Dataset entries:
== Segment start ==
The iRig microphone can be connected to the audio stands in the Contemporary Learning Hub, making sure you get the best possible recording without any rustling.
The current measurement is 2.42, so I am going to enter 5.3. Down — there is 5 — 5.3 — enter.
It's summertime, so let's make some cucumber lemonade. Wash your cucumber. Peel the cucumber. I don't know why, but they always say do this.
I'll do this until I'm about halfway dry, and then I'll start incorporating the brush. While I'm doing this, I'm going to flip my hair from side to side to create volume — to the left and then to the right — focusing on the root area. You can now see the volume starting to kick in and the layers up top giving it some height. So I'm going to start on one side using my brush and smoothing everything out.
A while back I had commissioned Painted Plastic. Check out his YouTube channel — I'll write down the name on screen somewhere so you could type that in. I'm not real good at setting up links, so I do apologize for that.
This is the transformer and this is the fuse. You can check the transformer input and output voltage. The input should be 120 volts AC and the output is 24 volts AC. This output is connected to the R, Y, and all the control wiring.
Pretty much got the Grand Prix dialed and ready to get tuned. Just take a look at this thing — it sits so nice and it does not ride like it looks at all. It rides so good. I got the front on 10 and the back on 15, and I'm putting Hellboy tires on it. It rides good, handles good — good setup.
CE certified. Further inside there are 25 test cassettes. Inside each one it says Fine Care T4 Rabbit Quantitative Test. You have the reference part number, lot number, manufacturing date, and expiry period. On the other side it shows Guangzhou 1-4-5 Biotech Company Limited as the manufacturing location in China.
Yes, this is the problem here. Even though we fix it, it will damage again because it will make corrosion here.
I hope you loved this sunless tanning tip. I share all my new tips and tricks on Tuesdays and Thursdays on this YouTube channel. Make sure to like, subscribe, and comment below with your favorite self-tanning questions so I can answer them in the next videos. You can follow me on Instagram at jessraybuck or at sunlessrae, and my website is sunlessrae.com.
== Segment end ==
Work item:
Output every record above exactly as it was given.

Task result:
The iRig microphone can be connected to the audio stands in the Contemporary Learning Hub, making sure you get the best possible recording without any rustling.
The current measurement is 2.42, so I am going to enter 5.3. Down — there is 5 — 5.3 — enter.
It's summertime, so let's make some cucumber lemonade. Wash your cucumber. Peel the cucumber. I don't know why, but they always say do this.
I'll do this until I'm about halfway dry, and then I'll start incorporating the brush. While I'm doing this, I'm going to flip my hair from side to side to create volume — to the left and then to the right — focusing on the root area. You can now see the volume starting to kick in and the layers up top giving it some height. So I'm going to start on one side using my brush and smoothing everything out.
A while back I had commissioned Painted Plastic. Check out his YouTube channel — I'll write down the name on screen somewhere so you could type that in. I'm not real good at setting up links, so I do apologize for that.
This is the transformer and this is the fuse. You can check the transformer input and output voltage. The input should be 120 volts AC and the output is 24 volts AC. This output is connected to the R, Y, and all the control wiring.
Pretty much got the Grand Prix dialed and ready to get tuned. Just take a look at this thing — it sits so nice and it does not ride like it looks at all. It rides so good. I got the front on 10 and the back on 15, and I'm putting Hellboy tires on it. It rides good, handles good — good setup.
CE certified. Further inside there are 25 test cassettes. Inside each one it says Fine Care T4 Rabbit Quantitative Test. You have the reference part number, lot number, manufacturing date, and expiry period. On the other side it shows Guangzhou 1-4-5 Biotech Company Limited as the manufacturing location in China.
Yes, this is the problem here. Even though we fix it, it will damage again because it will make corrosion here.
I hope you loved this sunless tanning tip. I share all my new tips and tricks on Tuesdays and Thursdays on this YouTube channel. Make sure to like, subscribe, and comment below with your favorite self-tanning questions so I can answer them in the next videos. You can follow me on Instagram at jessraybuck or at sunlessrae, and my website is sunlessrae.com.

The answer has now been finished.